Study material
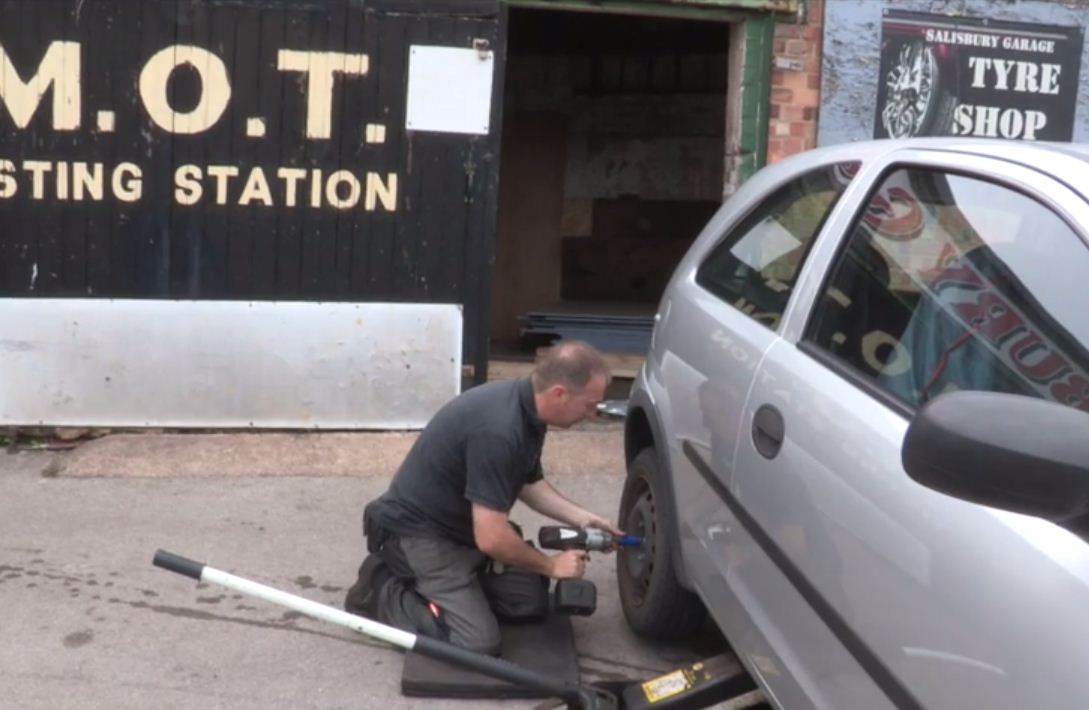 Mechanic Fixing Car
---
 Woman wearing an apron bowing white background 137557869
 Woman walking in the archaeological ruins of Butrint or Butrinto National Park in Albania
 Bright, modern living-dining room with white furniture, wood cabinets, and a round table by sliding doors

What needs to be done
Your task for the entries above: copy exactly the span starting with the line with "Woman walking in" and going on through the line with "Bright, modern living-dining", both lines included, and nothing else.

Answer to this task
 Woman walking in the archaeological ruins of Butrint or Butrinto National Park in Albania
 Bright, modern living-dining room with white furniture, wood cabinets, and a round table by sliding doors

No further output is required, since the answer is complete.